→ Supplied entries:

▬▬▬

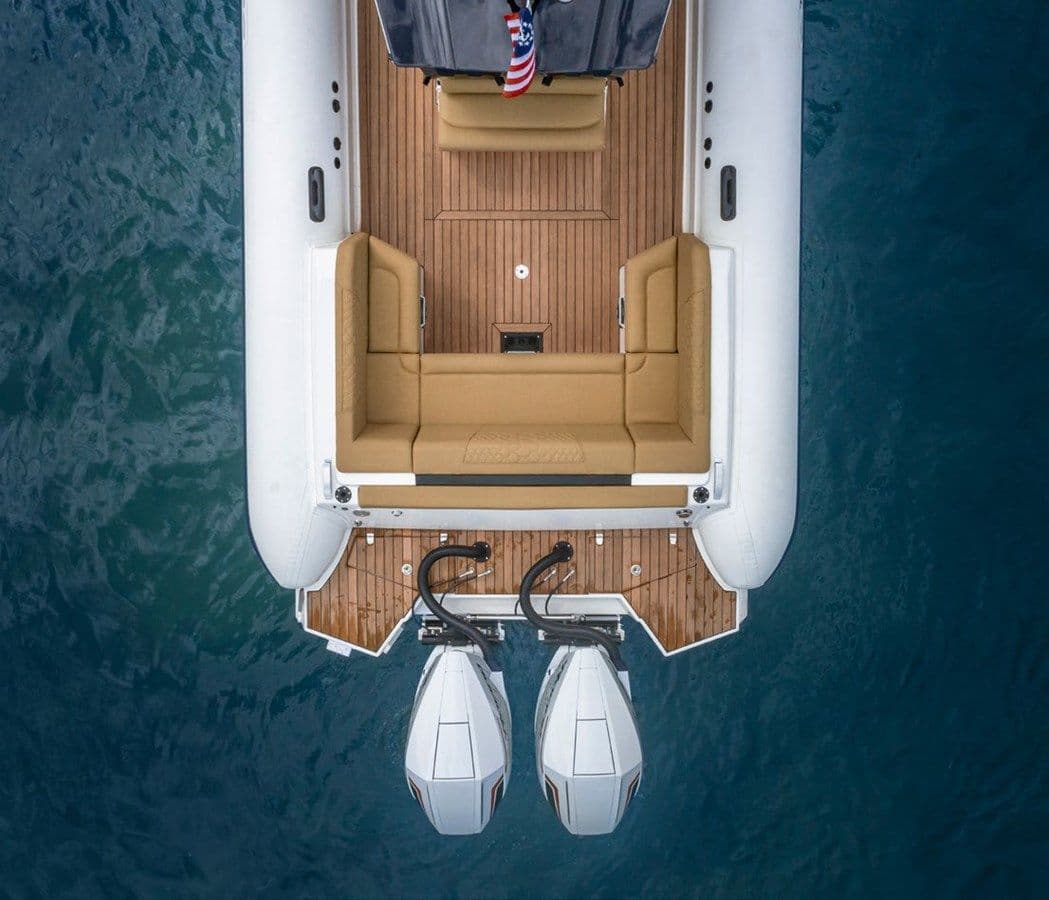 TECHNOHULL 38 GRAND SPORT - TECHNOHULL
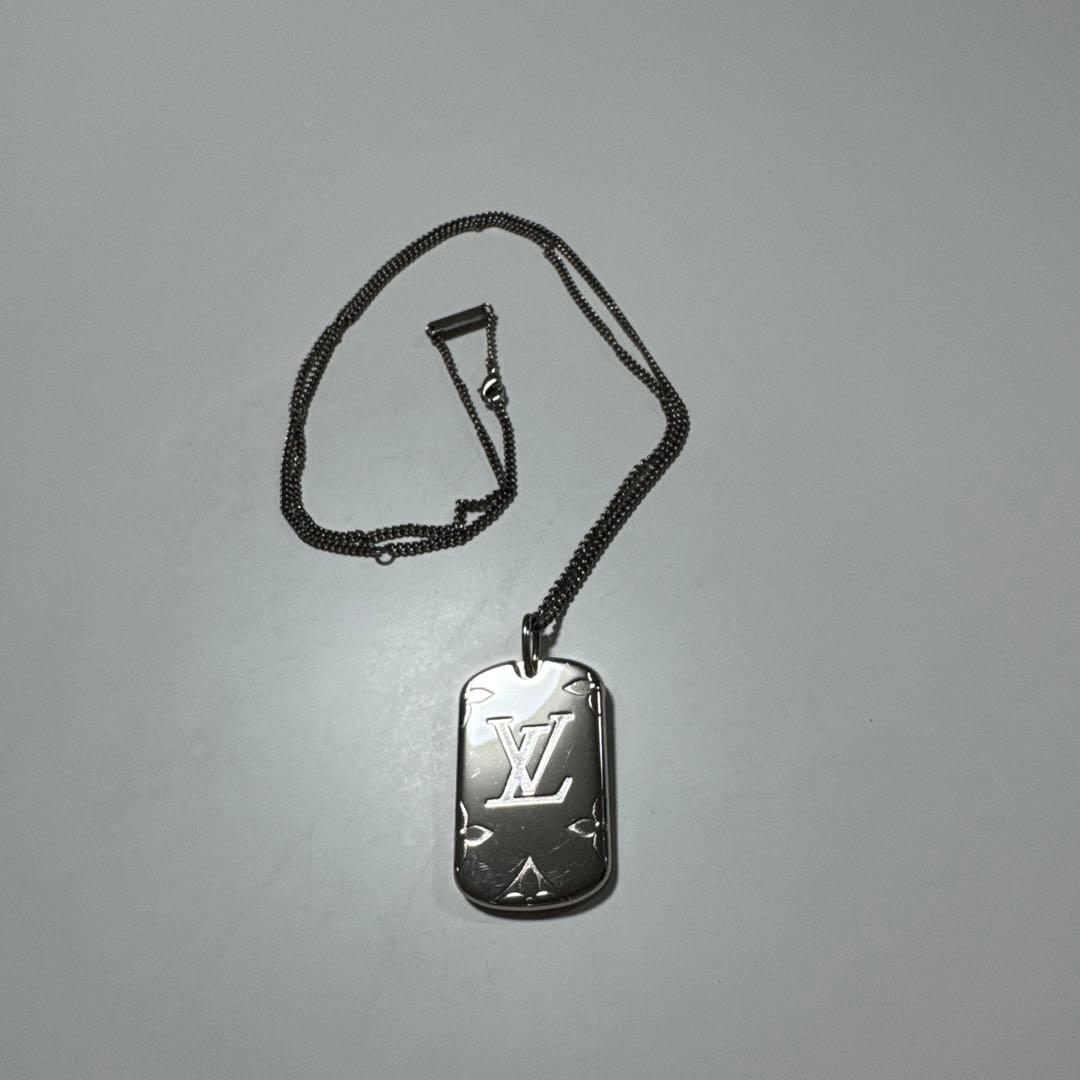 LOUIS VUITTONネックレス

▬▬▬

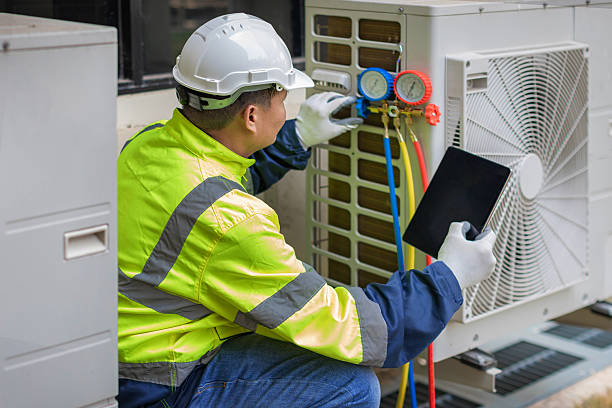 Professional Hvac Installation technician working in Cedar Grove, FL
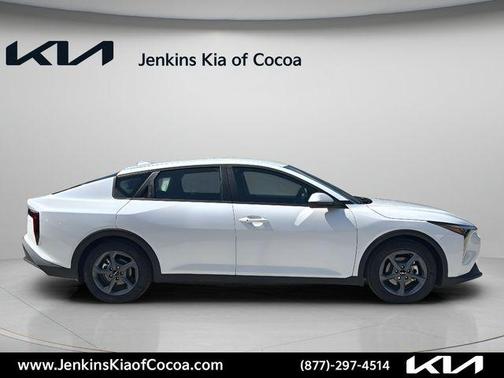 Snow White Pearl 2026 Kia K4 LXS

▬▬▬

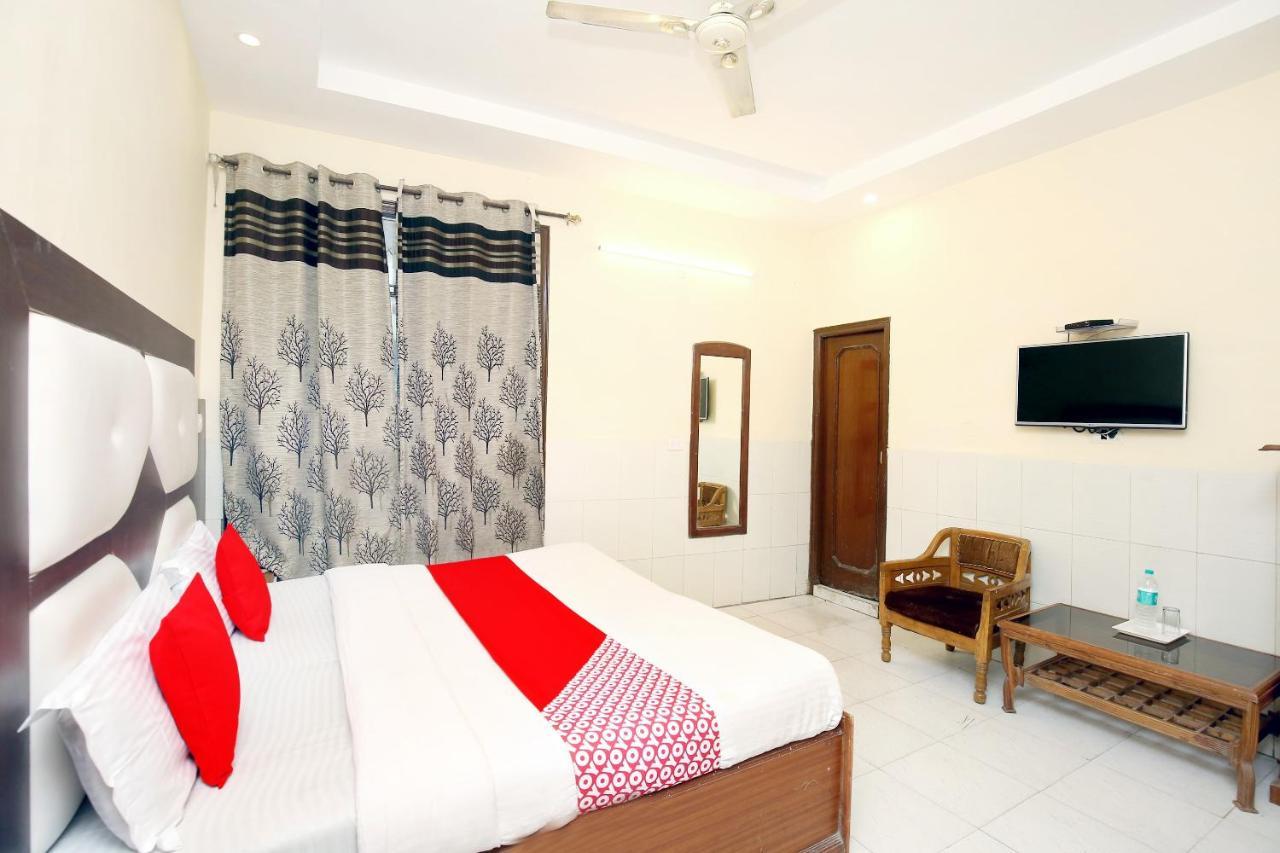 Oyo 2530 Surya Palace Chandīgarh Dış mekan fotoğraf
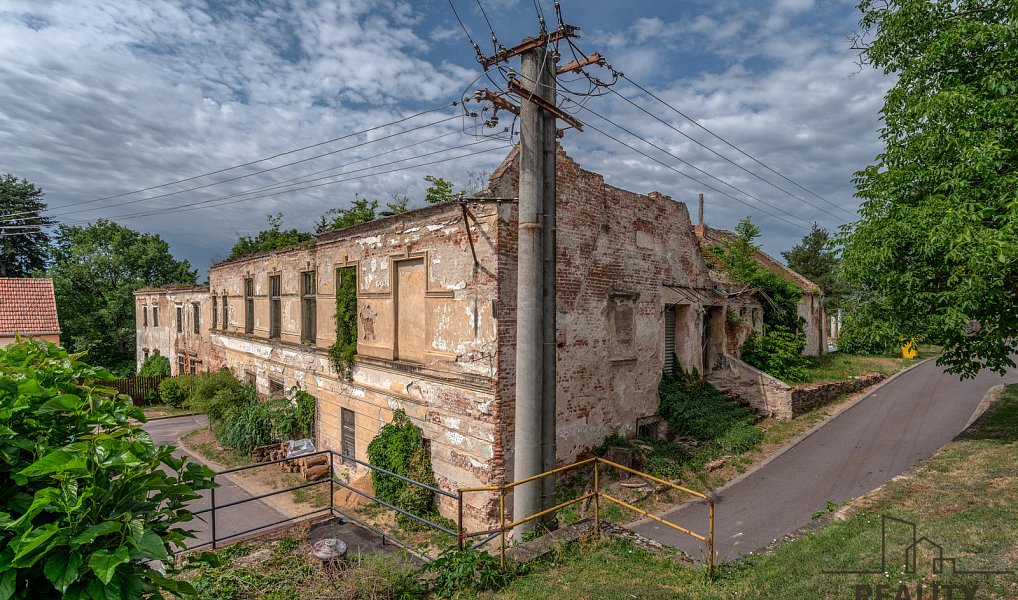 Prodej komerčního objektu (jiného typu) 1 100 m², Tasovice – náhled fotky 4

▬▬▬

→ The task: Using the records above, print exactly the run of lines that starts with the line with "Professional Hvac Installation" and goes on through the line with "Snow White Pearl 2026 Kia K4 LXS", pictures excluded.

→ Task output:
 Professional Hvac Installation technician working in Cedar Grove, FL
 Snow White Pearl 2026 Kia K4 LXS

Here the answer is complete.